9 марта. [Больница.] Сестер насильно заставляют быть гуманными. Многие из них сопротивляются этому. В голове у них гуляет ветер молодости и самой страшной мещанской пошлости. Сейчас Коля принес мне Заболоцкого, Люша— Матисса. Даже дико представить себе, чтобы хоть одна из них могла воспринять это искусство. Словно другая планета. Кино, телевизор и радио вытеснили всю гуманитарную культуру. Мед. «сестра» — это типичная низовая интеллигенция, сплошной массовый продукт — все они знают историю партии, но не знают истории своей страны, знают Суркова, но не знают Тютчева — словом, не просто дикари, а недочеловеки. Сколько ни говори о будущем поколении, но это поколение будет оголтелым, обездушенным, темным. Был у меня «медбрат» — такой же обокраденный. И у меня такое чувство, что, в сущности, не для кого писать.

23 апреля. За это время я раза три виделся с Пастернаком. Он бодр, глаза веселые, побывал с «Зиной» в Тбилиси и вернулся помолоделый, самоуверенный.

Говорит, что встретился на дорожке у дома с Фединым — и пожал ему руку — и что, в самом деле! начать разбирать, этак никому руку подавать невозможно!

— Я шел к вам! — сказал он. — За советом.

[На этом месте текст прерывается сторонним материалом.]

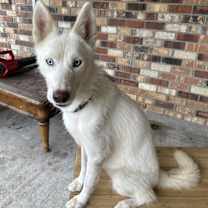 Thumbnail photo of Susi #1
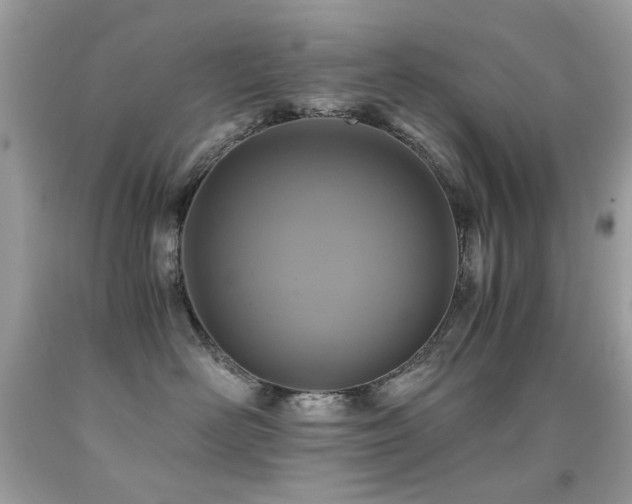 X0000091860526200709051211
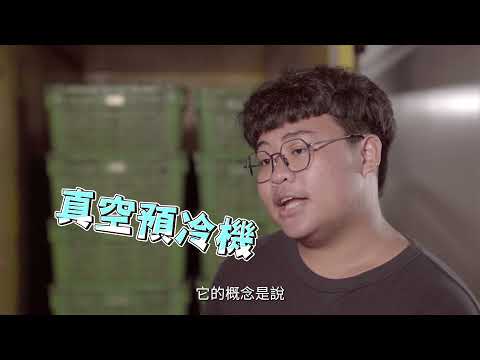 [達人教室] 有機蔬菜 夏季 莧菜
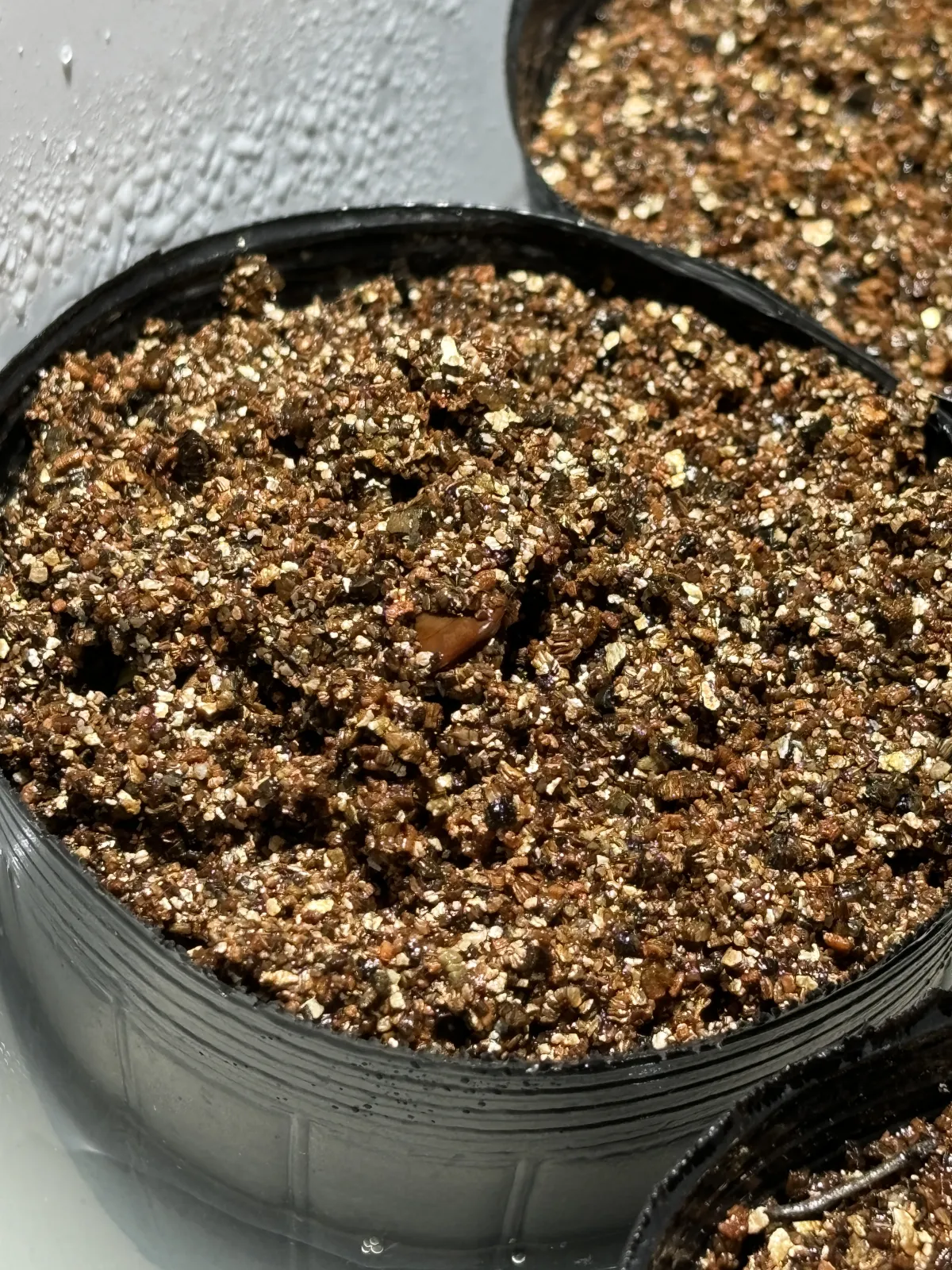 Acacia Acacia burkei (アカシア ブルケイ)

— Но ведь вы ни разу меня не послушались. И никакие не нужны вам советы.

Смеется:

— Верно, верно.

Пришел ко мне: нет ли у меня книг о крестьянской реформе 60-х годов. Нужны имена Милютина, Кавелина, Зарудного и т. д. и в каких комитетах они работали.

Рассказывал (по секрету: «я дал подписку никому не рассказывать»), что его вызывал к себе прокурор и (смеется) начал дело… «Между тем следователь по моему делу говорит: плюньте, чепуха! все обойдется».

— У меня опять недоразумение… слыхали? — «Недоразумение» ужасно. Месяца три назад он дал мне свои стихи о том, что он «загнанный зверь». Я спрятал эти стихи, никому не показывая их, решив, что он написал их под влиянием минуты, что это не «линия», а «настроение». И вот оказывается, что он каким-то образом переслал «Зверя» за границу, где его и тиснули!!!{1}

Так поступить мог только сумасшедший — и лицо у Пастернака «с сумасшедшинкой».

Переписывается с заграницей вовсю. Одна немка — приятельница Рильке — прислала ему письмо о Рильке, и он ей ответил, — а кто-то адресовал ему свое послание во Франкфурт-на-Майне, и все же оно дошло.

Погода до вчерашнего дня была жаркая, и Пастернак ходил без шляпы, в сапогах, в какой-то беззаботной распашонке.

Жаль, что он не знает, что его Ольга Всеволодовна — лжива, вульгарна, ничтожна.